Three isolates clustered together in all separate markers and in the AFLP dendrogram as subgroup 2. The group included CBS 609.78 from garden soil in Nigeria in 1966, CBS 654.78 from owl pellets of India in 1978 and CMFCCC B 50m from the lesion of a Chinese patient in 2010. Further strains that clustered with this group in the ITS tree (Fig. 1) originated from China and India, while subgroup 4 contained strains from different origins including China and India as well. Some of the subgroups of M. irregularis, however, showed approximate differences in geographic distribution. Strains of subgroups 1 and 3 clustered together in all partitions and comprised strains originating from central China. These subgroups also were partial supported in AFLP dendrogram. The mild local geographic structuring in M. irregularis seems to be in conflict with the intuitive knowledge that members of Mucorales are easily dispersed by air, but the distance that the airborne spores are able to travel is limited. The localised geographic distribution pattern may partly be explained by some of the morphological characters of M. irregularis: the sporangiospores measure 3–11 × 2–7 μm, and are often irregular in shape. In comparison, conidia of the global airborne fungus Aspergillus fumigatus are spherical and measure 2.5–3.0 μm diam. Many filamentous fungi such as Aspergillus species express water-repellent hydrophobins on the conidial surface, which enhance airborne dispersal (Linder et al. 2005). Sporangiospores of M. irregularis are much less hydrophobic and are likely to have a higher sedimentation rate in the atmosphere and hence populations are likely to have a more limited distribution. Mucor irregularis thus far has not been encountered as an airborne contaminant, environmental isolates having been isolated from soil, plants and animal faeces.

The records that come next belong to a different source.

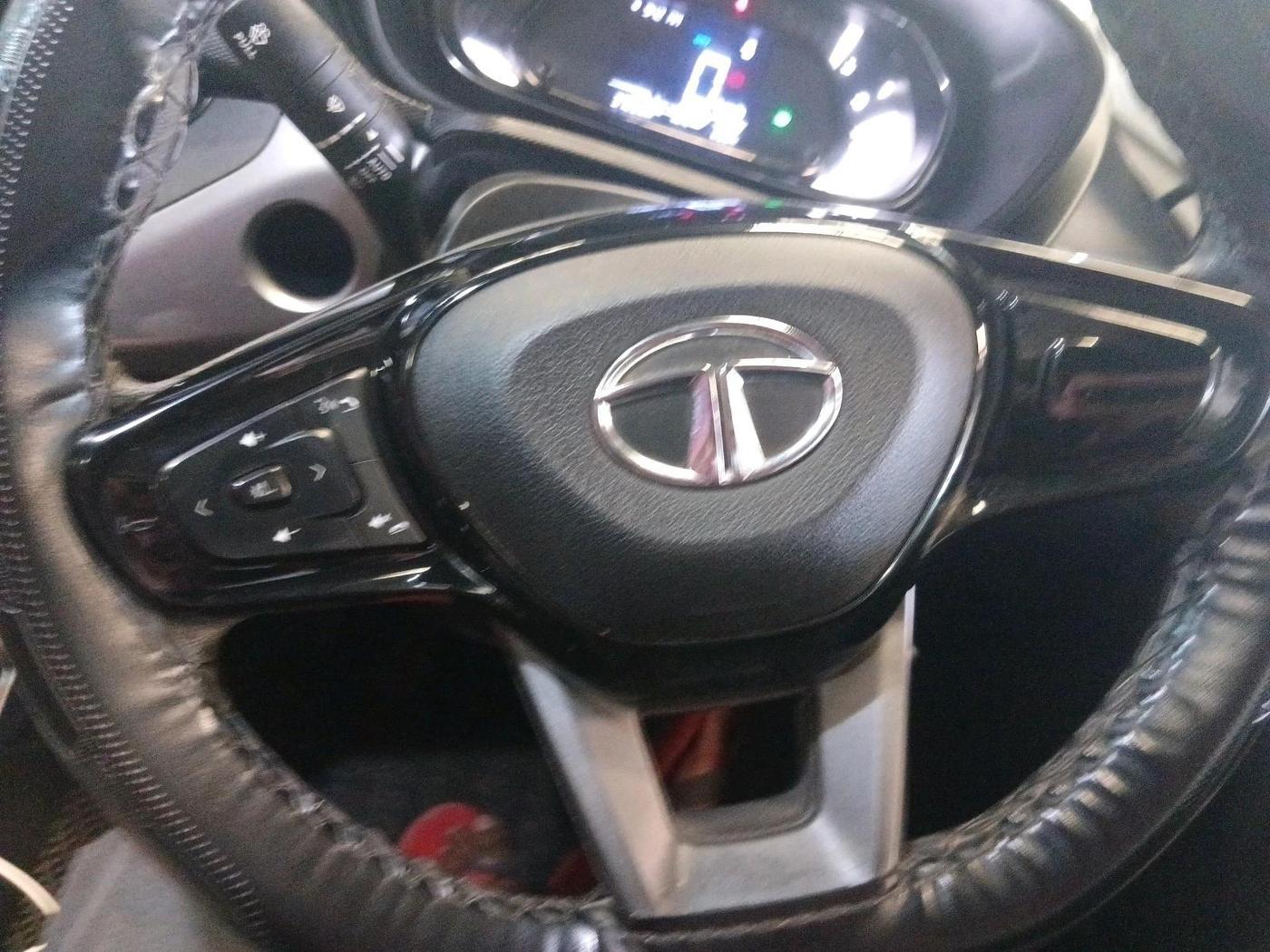 2022 Tata NEXON XM SUNROOF PETROL, Petrol, Manual, 37,253 km, interior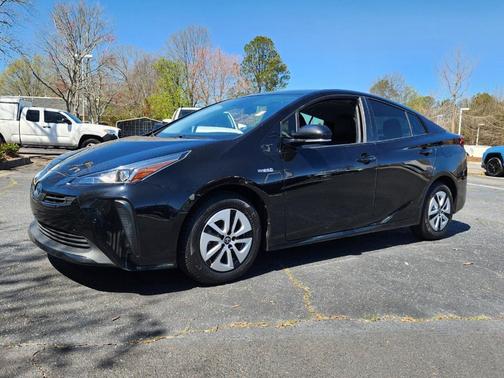 2019 Toyota Prius LE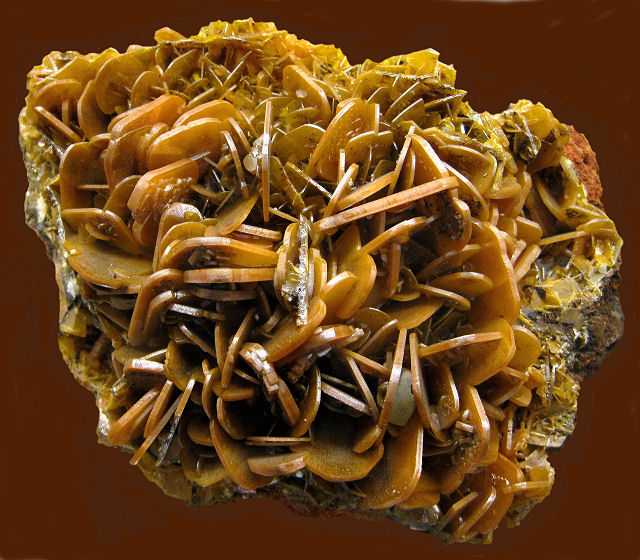 wulfenite orange crystals with rounded corners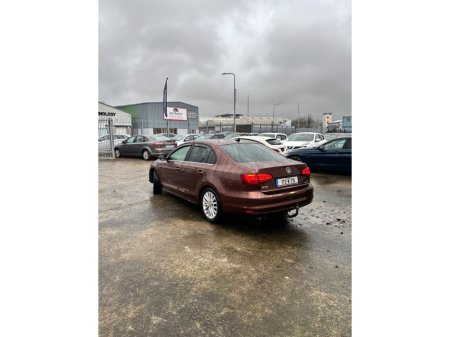 2017 Volkswagen Jetta 2.0 TDI 110HP Highline €16,995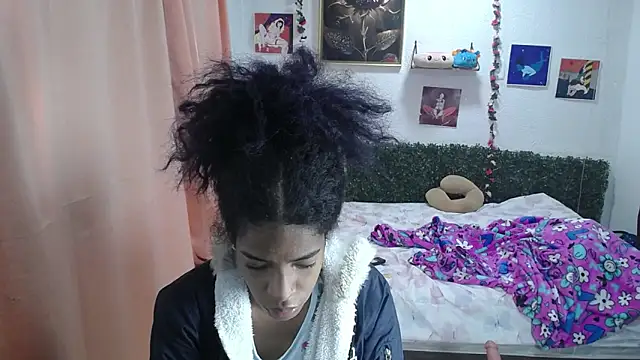 Snapshot of thianahorny chatting on June 20, 1:25 pm thianahorny online show from June 20, 1:25 pm
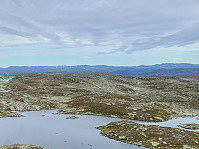 Utsikt mot nordvest. Fra venstre ser vi Mælen, Trollaskeinuten, Ikastenuten og Fitjanuten. Kistenuten og Vassdalseggen helt til høyre i bildet er vanskelige å skille fra kverandre.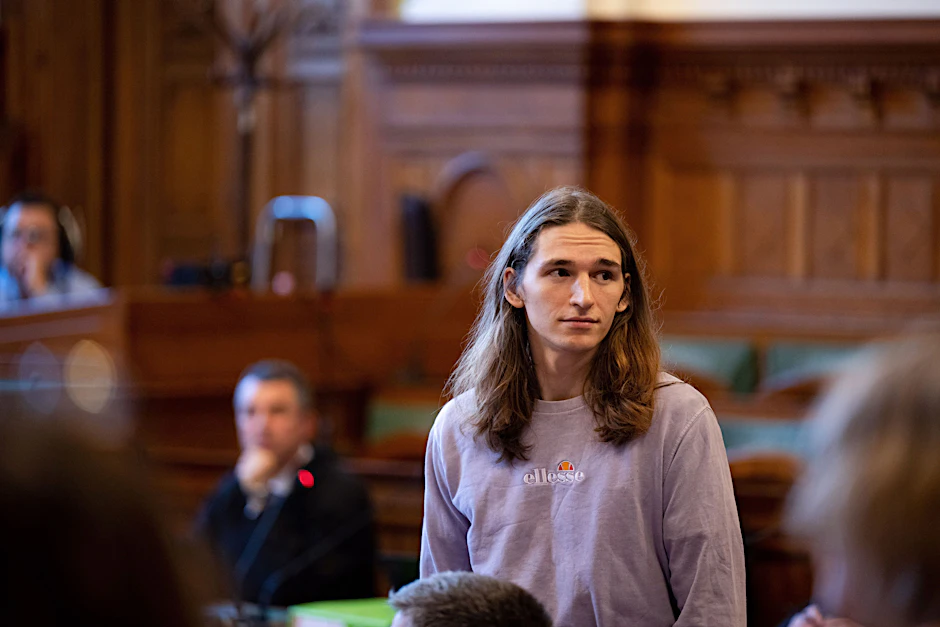 Maja T. bezeichnet sich als „nonbinär“. Hier im Gerichtssaal in Budapest.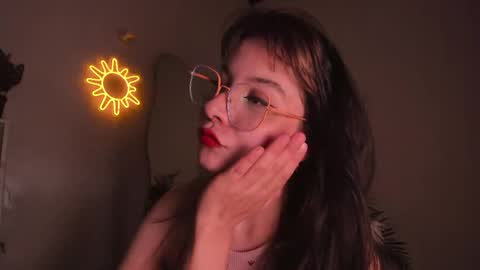 Vero online from Tuesday to Sunday online show from April 4, 9:23 pm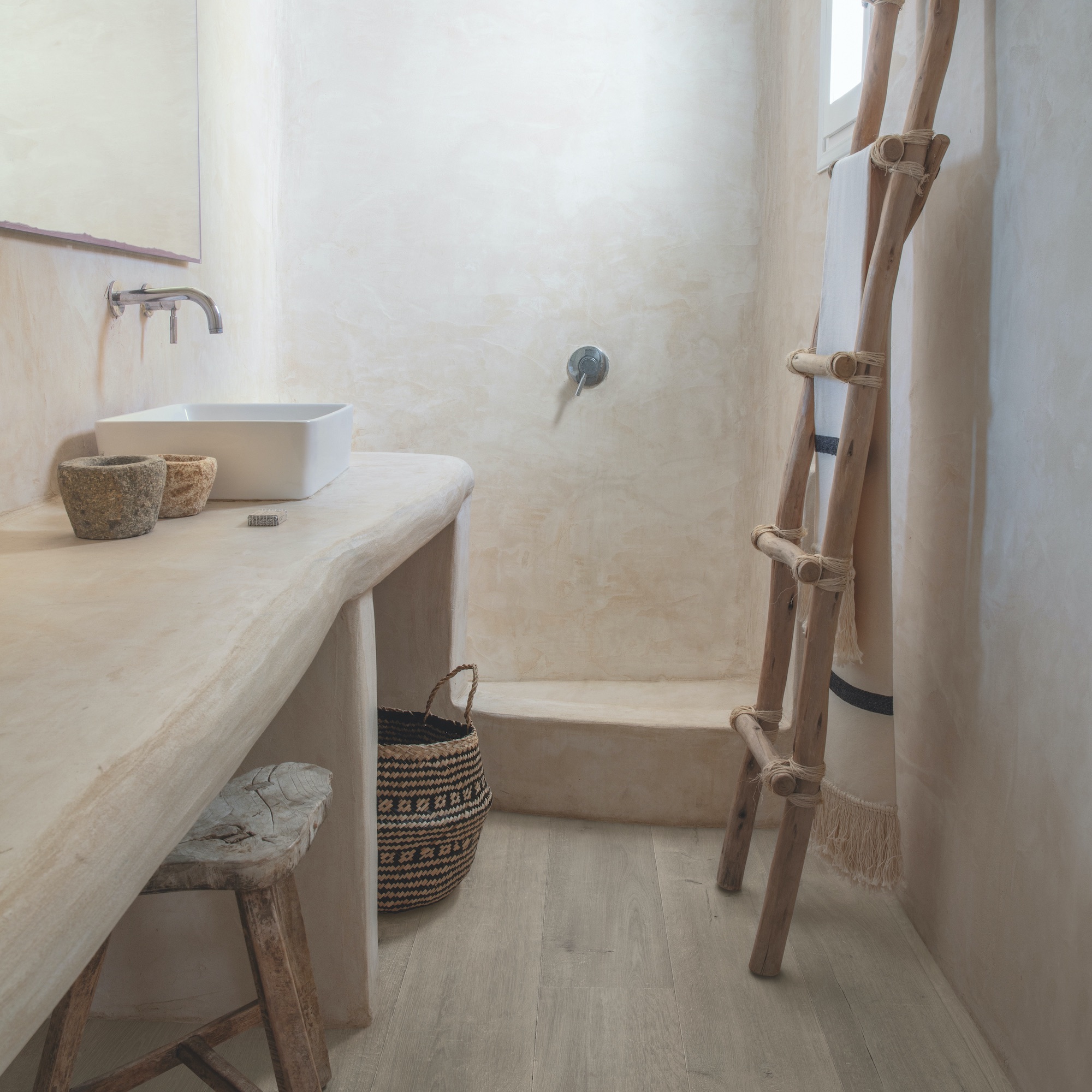 wet room with polished plaster walls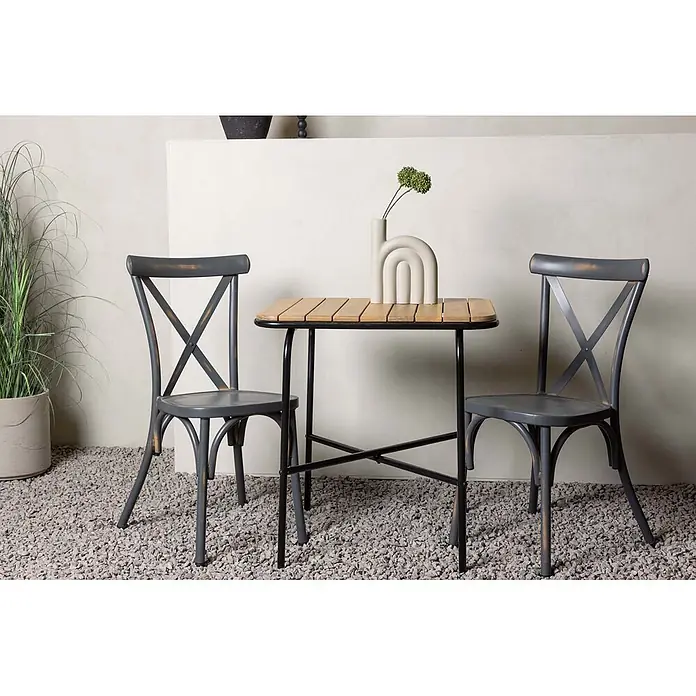 Ebuy24 Gartentisch-Set Holmbeck - Gesamtumfang: 3 -tlg., L x B x H: 70 x 88 x 74 cm, Ø x H: 88 x 74 cm, Aluminium Akazie, Stapelbar - Dunkelgraues, rustikales Bistro-Set mit Holzlatten-Tischplatte und zwei passenden Stühlen, ideal für den Außenbereich.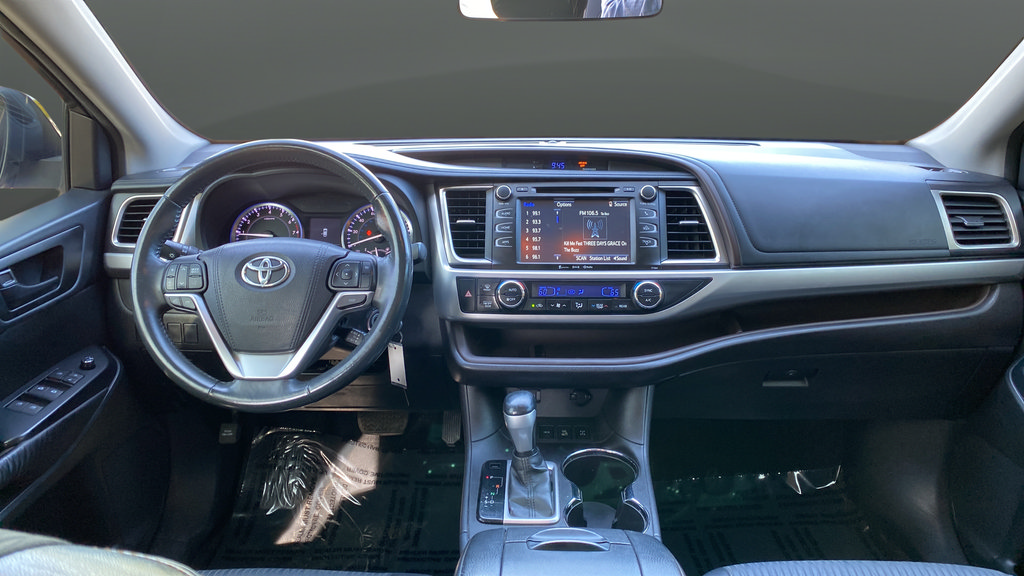 Used 2016 Toyota Highlander Plus AWD/4WD image 11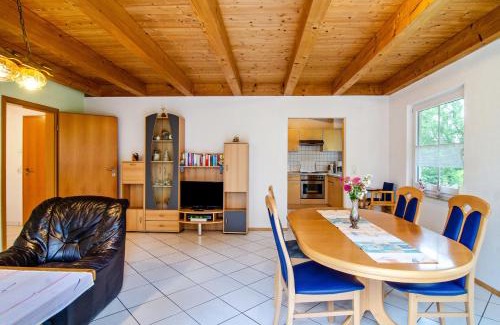 Owingen Apartment | Family-Friendly Beutenmühle Straussenfarm Ground Floor Escape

In conclusion, the comparison of gene genealogies based on four markers (LSU, ITS, RPB1 and RPB2) and AFLP results showed evidence of recombination, and hence M. irregularis is recognised as a single species despite geographic structuring in some of the subgroups. The species is prevalent in East Asia but has a world-wide distribution. Morphological characters of sporangiospores preventing efficient airborne dispersal may be partially responsible for the observed geographic structuring.